Second, it’s not a court because there is no relief by any citizen to seek redress against their government for this unwarranted intrusion on our privacy. The government can spin it all they wish but what this involves is an unwarranted attack on our privacy rights, RUBBERSTAMPED by the FISA court.

Anonymous Coward says:

as if the members of this court were, even for one second, going to let the fact that what they have been and still are up to with this ‘rubber stamping’ exercise and the absolute disgust that has been shown by millions of members of the public about the practice being ‘OK’d’ by this court and carried out by law enforcement, stop them doing more of the same! get a grip, please!!

Cloudsplitter says:

Making an example

All of these companies have sold us down the river, and we may never Know the extent. But there is a track we can pursue, as we start the fight to take our country back. It’s called the Death Penalty, and it was used with great effect during the Clinton administration, by the Gun Rights Community against Smith & Wesson, when that company stabbed Gun Rights Advocates, and gun owners in the back, and tried to cut a sweet heart deal with the Clinton administration.
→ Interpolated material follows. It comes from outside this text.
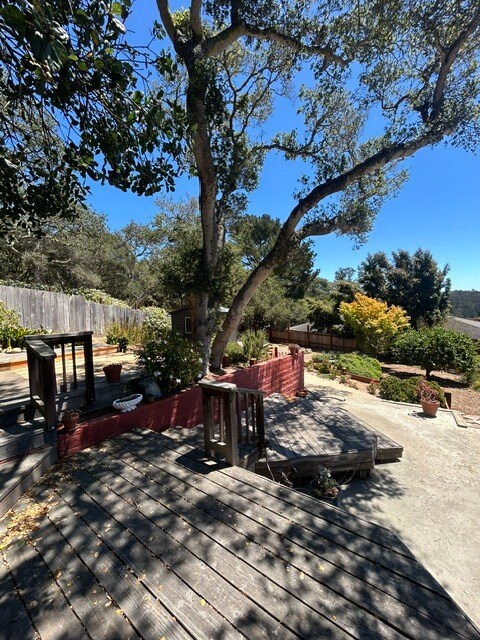 Building Photo - 6845 Lakeview Dr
The resultant boycott drove the company into bankruptcy. Verizon is the perfect candidate, a vast client base feeding them money on a monthly basics, Stop Paying, the broad money/ payment boycott, will start to go to the financial bottom line very quickly, and effect the other companies involved in these treasonous acts by a government out of control, and their Colaberationist, and Quisling friends. We must break them, or we all will be wearing their chains. Boycott Microsoft, any person, or company, national, or international, using any of their services, is having their economic, business, and sercurity data, directly stolen from them through the direct actions of Microsoft for NSA. Anyone still using their software or equipment is looking disaster in the face, as software users and communities refuse to have their data tainted by running in a windows or server environment. A non massively encrypted Cloud, is a dead man walking, and the present companies must prove their systems clean, and mil grade massivly encrypted or die. All communication systems we now use, must encrypt or die, we enter the new world, and there is no goling back.

FM Hilton (profile) says:

Bingo!

“If their actions are not illegal, would it not follow that anyone could collect metadata? Say, by purchasing it from a company?”

Actually, the NSA isn’t the only group collecting metadata, but for different reasons.
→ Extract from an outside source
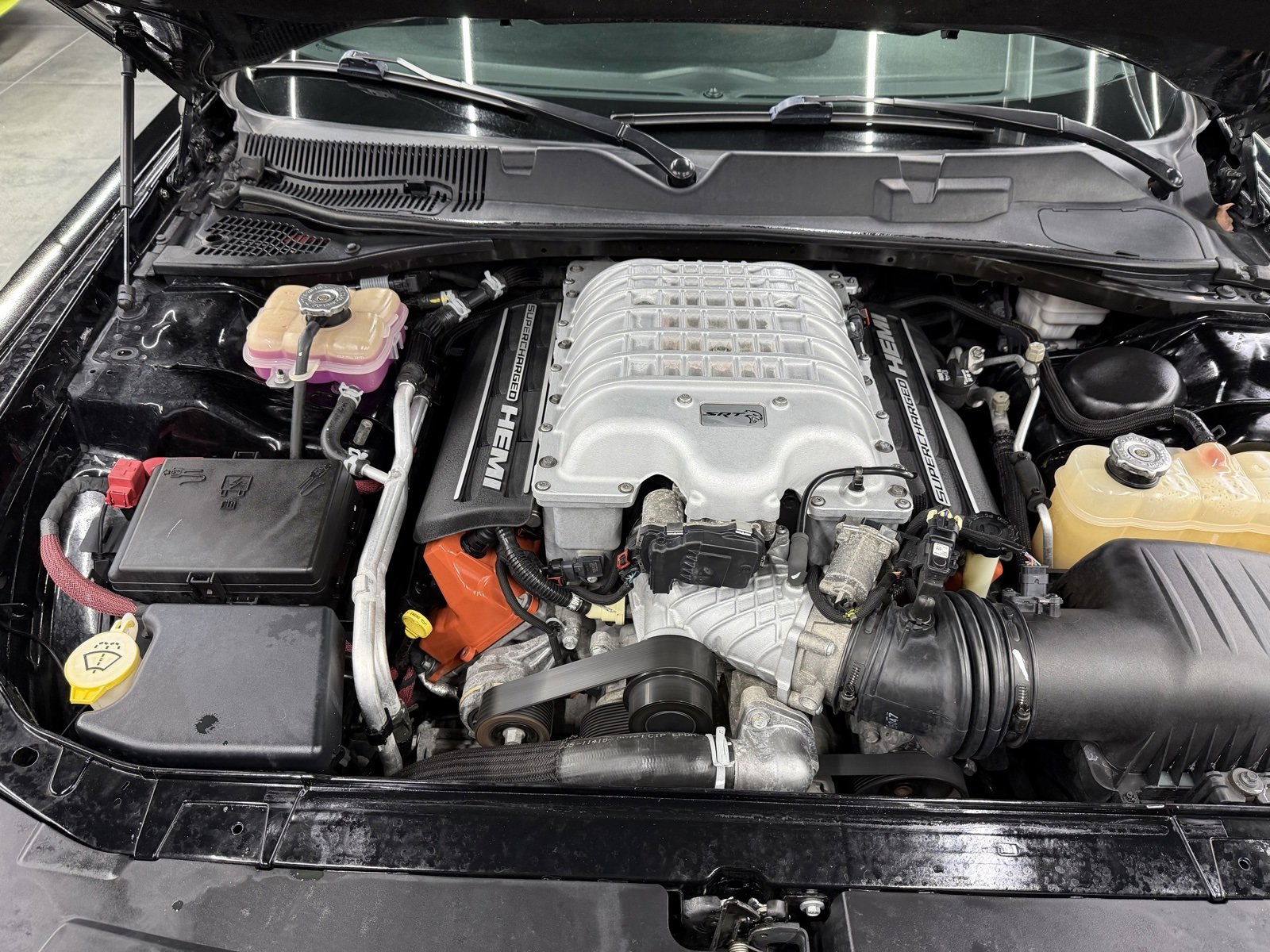 Used 2015 Dodge Challenger SRT Hellcat image 26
Many stores have ‘loyalty cards’ which contain all the information they can get from you, your purchases, and your shopping habits: http://www.ehow.com/about_5349024_loyalty-card.html

Just because it’s not used against you doesn’t mean the data isn’t collected from you.
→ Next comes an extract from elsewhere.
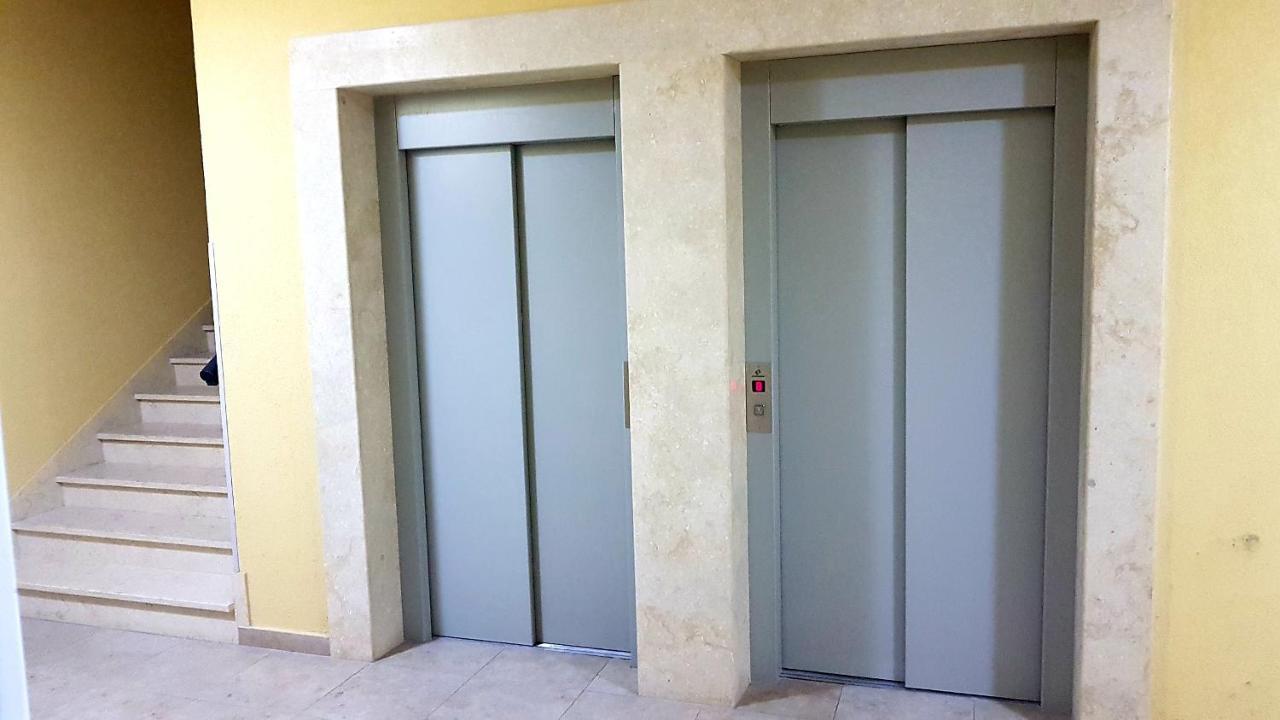 Extra Apartman City Centre Banja Luka Bagian luar foto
Remember that next time you go shopping.

ArkieGuy (profile) says:

LOOK or look?

The NSA says that they only LOOK at certain records, but to be able to find those records they have to look at all records (even if if’s just to index them).

So, by LOOKING for one record they SEARCH ALL OTHER RECORDS. To me this means that every search ABSOLUTELY involves the ACLU’s records being searched (to exclude them) without a warrant.

Just like a search warrant for a single apartment, doesn’t mean the police can search every other apartment in the complex (or heck, the whole country), this shouldn’t mean that all users can be searched.

Mike Raffety (profile) says:

What part of ...

PROBABLE and PARTICULAR do they not understand in the below?

“The right of the people to be secure in their persons, houses, papers, and effects, against unreasonable searches and seizures, shall not be violated, and no Warrants shall issue, but upon probable cause, supported by Oath or affirmation, and particularly describing the place to be searched, and the persons or things to be seized.”